The Selic serves as a reference for fundraising by banks. In theory, the higher the base rate, the higher the cost of funding for banks and, also, the interest charged to individuals and companies at the end, in loans and financing.
“Central banks in advanced economies are much more resistant to raising interest rates, which is not the case in Brazil,” says Rochlin. “Here, the rate went from 2% to 11.75% in one year. And with higher interest, the bank will profit even more.”
Professor Ricardo Rocha, from Insper in São Paulo, explains the mechanism.
when the interest [Selic] are very low, the volume of loans needs to grow a lot. When the rate is high, the bank manages to have a lower loan volume.
Ricardo Rocha, professor at Insper
For Murcia, from Fipecafi Projetos, the high interest rate contributes to the return of banks, in an environment with limited competition due to high concentration. “I don’t know if banks are so to blame for this scenario, or ‘surfed’ in the high interest rate environment,” she adds.

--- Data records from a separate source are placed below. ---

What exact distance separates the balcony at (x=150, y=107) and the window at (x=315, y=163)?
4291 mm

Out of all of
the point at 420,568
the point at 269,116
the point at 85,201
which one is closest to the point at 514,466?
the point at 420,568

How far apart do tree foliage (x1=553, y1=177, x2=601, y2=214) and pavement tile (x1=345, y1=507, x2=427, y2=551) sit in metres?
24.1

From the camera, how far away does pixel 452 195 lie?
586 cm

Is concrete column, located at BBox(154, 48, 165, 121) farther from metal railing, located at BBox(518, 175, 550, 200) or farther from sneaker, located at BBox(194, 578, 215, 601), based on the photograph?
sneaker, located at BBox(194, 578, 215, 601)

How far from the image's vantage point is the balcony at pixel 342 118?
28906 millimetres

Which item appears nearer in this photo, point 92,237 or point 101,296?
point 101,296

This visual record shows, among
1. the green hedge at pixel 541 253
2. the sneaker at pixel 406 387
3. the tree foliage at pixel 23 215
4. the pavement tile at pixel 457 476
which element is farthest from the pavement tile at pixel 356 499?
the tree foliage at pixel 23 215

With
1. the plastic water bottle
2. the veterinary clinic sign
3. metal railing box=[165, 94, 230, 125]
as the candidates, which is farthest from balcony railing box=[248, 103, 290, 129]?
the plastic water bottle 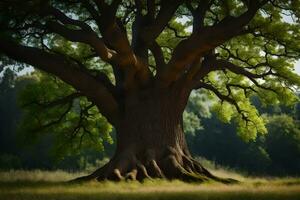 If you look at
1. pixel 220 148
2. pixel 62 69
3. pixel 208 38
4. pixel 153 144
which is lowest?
pixel 153 144

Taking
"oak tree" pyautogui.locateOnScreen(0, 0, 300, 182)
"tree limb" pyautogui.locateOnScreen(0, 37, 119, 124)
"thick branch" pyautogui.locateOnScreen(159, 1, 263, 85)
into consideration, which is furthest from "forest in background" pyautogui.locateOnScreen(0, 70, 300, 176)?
"thick branch" pyautogui.locateOnScreen(159, 1, 263, 85)

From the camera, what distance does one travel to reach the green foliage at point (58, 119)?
69.7ft

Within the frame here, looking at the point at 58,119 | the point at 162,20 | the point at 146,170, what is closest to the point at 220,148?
the point at 58,119

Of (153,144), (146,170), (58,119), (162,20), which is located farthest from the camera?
(58,119)

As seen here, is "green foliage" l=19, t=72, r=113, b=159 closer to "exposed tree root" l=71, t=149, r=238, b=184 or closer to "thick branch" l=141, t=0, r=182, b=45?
"exposed tree root" l=71, t=149, r=238, b=184

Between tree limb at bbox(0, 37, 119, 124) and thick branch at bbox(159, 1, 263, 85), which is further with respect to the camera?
tree limb at bbox(0, 37, 119, 124)

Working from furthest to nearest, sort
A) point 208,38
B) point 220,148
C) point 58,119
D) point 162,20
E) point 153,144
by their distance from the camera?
1. point 220,148
2. point 58,119
3. point 153,144
4. point 162,20
5. point 208,38

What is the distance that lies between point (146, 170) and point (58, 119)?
9415 millimetres

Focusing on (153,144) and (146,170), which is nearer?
(146,170)

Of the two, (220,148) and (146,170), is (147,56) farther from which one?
(220,148)

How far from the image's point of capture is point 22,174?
19172 mm

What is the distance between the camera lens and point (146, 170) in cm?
1577

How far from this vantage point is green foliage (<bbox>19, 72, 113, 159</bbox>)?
21234 millimetres

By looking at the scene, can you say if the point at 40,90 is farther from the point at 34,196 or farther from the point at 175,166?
the point at 34,196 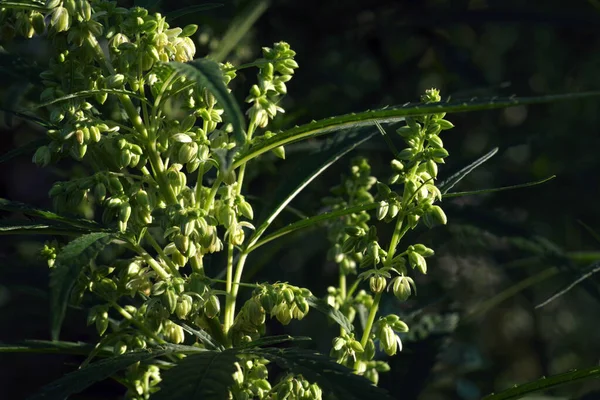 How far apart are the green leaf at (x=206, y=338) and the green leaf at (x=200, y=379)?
123 mm

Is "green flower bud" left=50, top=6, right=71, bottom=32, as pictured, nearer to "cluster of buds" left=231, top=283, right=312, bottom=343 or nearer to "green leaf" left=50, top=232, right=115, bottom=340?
"green leaf" left=50, top=232, right=115, bottom=340

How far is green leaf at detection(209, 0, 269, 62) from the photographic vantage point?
230 cm

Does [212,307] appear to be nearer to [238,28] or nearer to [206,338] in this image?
[206,338]

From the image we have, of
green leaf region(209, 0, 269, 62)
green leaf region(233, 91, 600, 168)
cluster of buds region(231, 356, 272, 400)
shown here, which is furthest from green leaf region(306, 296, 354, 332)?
green leaf region(209, 0, 269, 62)

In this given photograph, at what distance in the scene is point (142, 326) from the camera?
1.35 meters

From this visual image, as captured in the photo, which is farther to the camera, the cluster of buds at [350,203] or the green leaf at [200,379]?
the cluster of buds at [350,203]

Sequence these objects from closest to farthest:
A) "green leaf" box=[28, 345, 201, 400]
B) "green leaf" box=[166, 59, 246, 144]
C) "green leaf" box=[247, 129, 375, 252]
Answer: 1. "green leaf" box=[166, 59, 246, 144]
2. "green leaf" box=[28, 345, 201, 400]
3. "green leaf" box=[247, 129, 375, 252]

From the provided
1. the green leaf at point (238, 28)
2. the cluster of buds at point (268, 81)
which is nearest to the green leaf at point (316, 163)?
the cluster of buds at point (268, 81)

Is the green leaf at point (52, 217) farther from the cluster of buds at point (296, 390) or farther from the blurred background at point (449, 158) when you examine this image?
the blurred background at point (449, 158)

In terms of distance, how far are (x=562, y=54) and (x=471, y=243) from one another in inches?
41.6

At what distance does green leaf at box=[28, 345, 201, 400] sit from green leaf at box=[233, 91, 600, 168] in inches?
11.7

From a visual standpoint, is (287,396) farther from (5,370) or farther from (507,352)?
(507,352)

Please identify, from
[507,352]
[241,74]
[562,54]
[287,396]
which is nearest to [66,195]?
[287,396]

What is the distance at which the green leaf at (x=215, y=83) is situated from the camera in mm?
1047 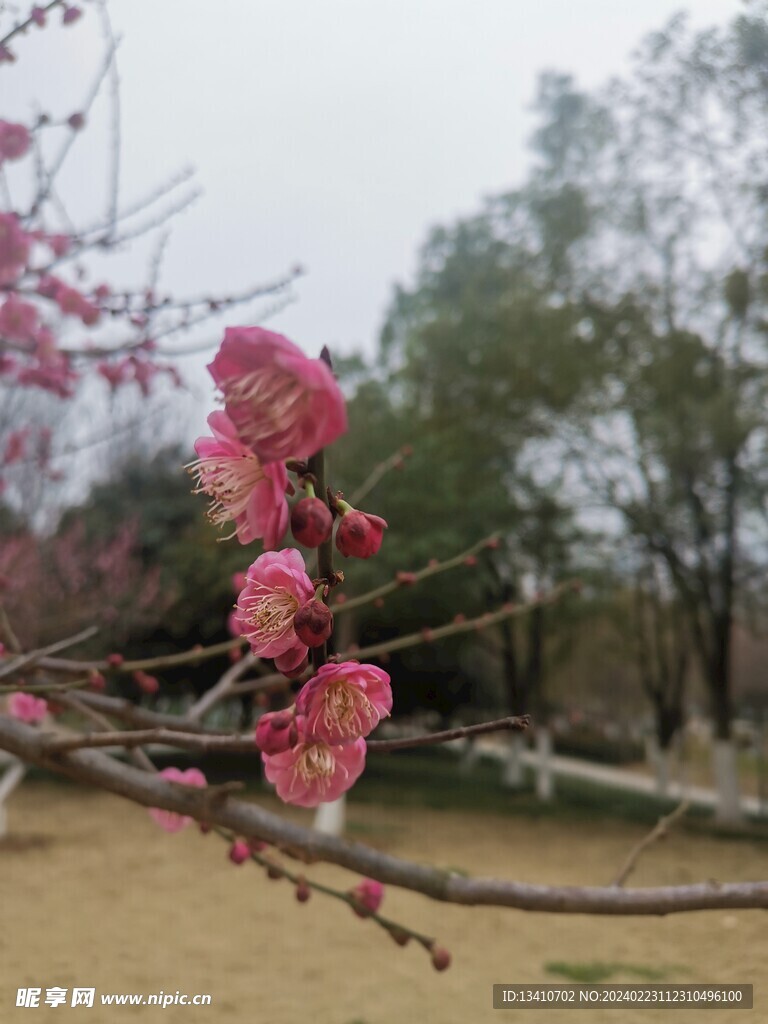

Profitability could be even higher, says economist
The presence of Brazilian banks at the top of the Economatica ranking calls attention because the country, despite having a developed financial system, is far from showing good results in the economic area.
One of the common discourses is that the banks continue with profits despite the Brazilian economy doing badly.
For Ricardo Rocha, from Insper, the good results actually show that the Brazilian financial system has been “extremely solid” for years. “We weathered the crisis very well [econômica global] 2008”, he exemplifies. “If Brazil finds a path to growth in the coming years, the banks’ results will increase even more.”
What does Febraban say?
A representative of the sector, Febraban recognizes that banking activity, which requires high volumes of capital, is more concentrated, and not just in Brazil. However, the entity claims that this does not mean that competition is low.
“There is a lot of confusion between concentration and lack of competition. One thing is not directly related to the other”, said the president of Febraban, Isaac Sidney.
In an interview with UOL, which can be seen here, Sidney also argued that the profitability of the banking sector is not exceptional. “That’s another fallacy, the fruit of a boring litany that has had enough,” he said.
The executive also considered that the profitability of banks depends on spreads — the difference between the cost of raising funds, by banks, and what is charged to the customer at the end — and not on the Selic level.
O UOL also questioned the Central Bank regarding profitability and competition among Brazilian banks. The institution did not comment.